Today almost all medium and large IT companies are ISO 9001 certified. However, is it possible to develop high quality software, manage networks, provide Internet access, etc. without ISO 9001 certification? Definitely, yes. Then why is ISO 9001 so popular in the IT industry? And is it really good that this standard is so widespread? Let’s try to find answers to these questions.
First of all, the main reason for ISO 9001 popularity in IT is that it is broadly used across all types of organizations and enterprises. This standard was first published in 1987, and by 2009 the number of certified companies worldwide exceeded a million. ISO 9001 is an internationally recognized standard in the field of quality management in general and in the IT industry in particular. It is not only a standard but also a brand. Consumers can have a vague idea about the contents of the standard but they are normally aware that a trusted company should have the ISO 9001 certification. If customers are familiar with ISO 9001 and prefer vendors to be certified to the standard, then companies that strive to develop leading positions on the market will try to obtain it. However, is ISO 9001 appropriate for an IT company? One of the reasons for the great popularity of ISO is its versatility, with all the consequent positive and negative features. Any multi-purpose tool generates benefits in general but, as a rule, loses in particular cases. As an illustration, you can unscrew any nut with an adjustable wrench but it is better to unscrew a 12mm nut with a 12mm wrench.
ISO 9001 is a standard for the quality management system but not a product. In terms of the standard, it is not so important what particular industry a company belongs to. It is more important how it performs its activities. The ISO certificate does not guarantee a high level of product quality but it confirms a certain degree of reliability of vendor’s enterprise including its products. Thus, ISO 9001 is suitable for both a large hi-tech corporation and a small bakery where they make bread using the technologies that haven’t changed for ages.

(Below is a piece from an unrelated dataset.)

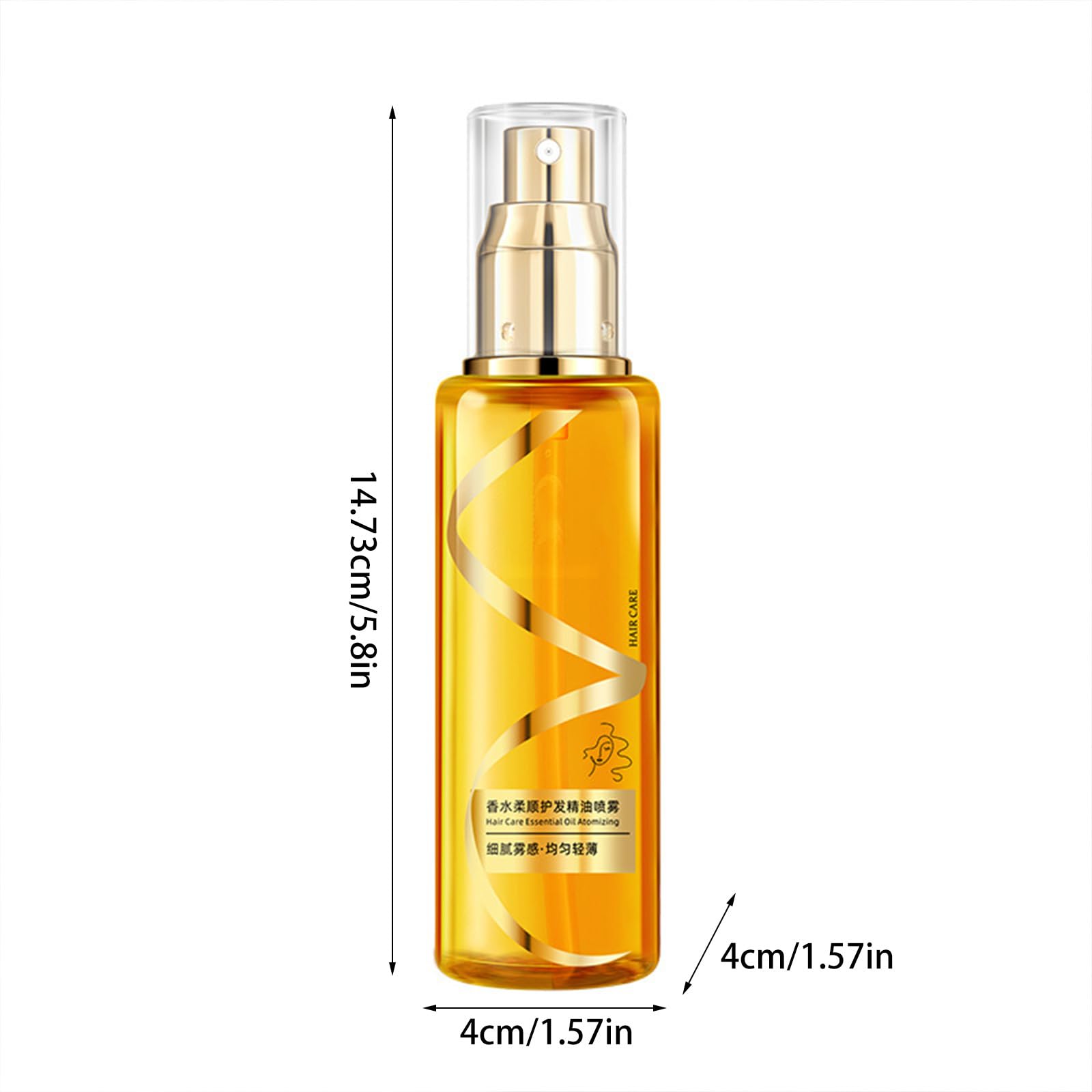Shop Hair Oils & Serums for Silky, Smooth Results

When it comes to implementing a quality management system in IT, a question often arises whether it is worth using ISO 9001 or it is better to pay attention to the standards that are more specific for the industry, such as CMMI or ITIL. Probably, the terms CMMI and ITIL seem more common to IT managers than ISO 9001. However, if we look deeper into the matter, then we can see that in general all these standards do not contradict each other and are based on a process approach, i.e. on identification of enterprise processes, their analysis and improvement. In this view, it is probably not so important what particular standard a company adopts as they all have the same roots but at the same time none of these standards will correspond completely to day-to-day realities of a specific enterprise. Please keep it in mind that theory differs from practice in that in theory, theory and practice are the same, and in practice, they are not. The main objective of quality assurance specialists who implement this or that standard is to apply general rules to specific day-to-day operations of an enterprise. Large businesses often build their own quality management systems based on one or several standards and their own practices.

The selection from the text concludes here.